=== Material shown ===

——

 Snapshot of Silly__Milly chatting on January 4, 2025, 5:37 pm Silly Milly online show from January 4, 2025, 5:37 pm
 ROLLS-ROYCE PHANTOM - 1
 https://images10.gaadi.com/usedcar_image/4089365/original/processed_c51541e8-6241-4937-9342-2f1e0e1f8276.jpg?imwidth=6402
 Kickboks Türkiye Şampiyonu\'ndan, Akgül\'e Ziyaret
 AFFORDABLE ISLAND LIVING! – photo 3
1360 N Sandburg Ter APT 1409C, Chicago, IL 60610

——

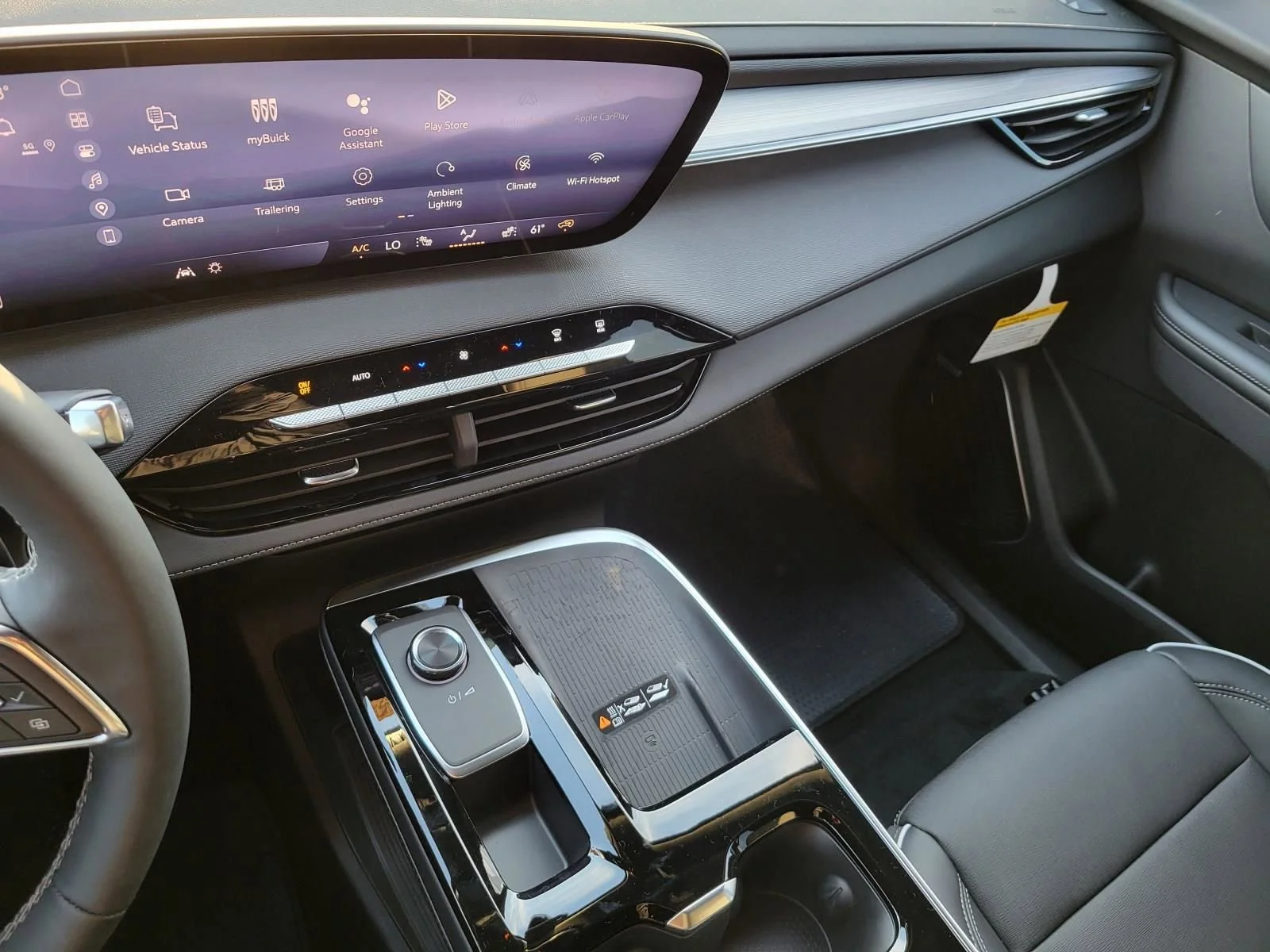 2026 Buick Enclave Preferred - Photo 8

——

=== Required work ===
Could you return exactly the lines above from the line with "Snapshot of Silly__Milly" to the line with "1360 N Sandburg", both included, and nothing else?

=== Answer ===
 Snapshot of Silly__Milly chatting on January 4, 2025, 5:37 pm Silly Milly online show from January 4, 2025, 5:37 pm
 ROLLS-ROYCE PHANTOM - 1
 https://images10.gaadi.com/usedcar_image/4089365/original/processed_c51541e8-6241-4937-9342-2f1e0e1f8276.jpg?imwidth=6402
 Kickboks Türkiye Şampiyonu\'ndan, Akgül\'e Ziyaret
 AFFORDABLE ISLAND LIVING! – photo 3
1360 N Sandburg Ter APT 1409C, Chicago, IL 60610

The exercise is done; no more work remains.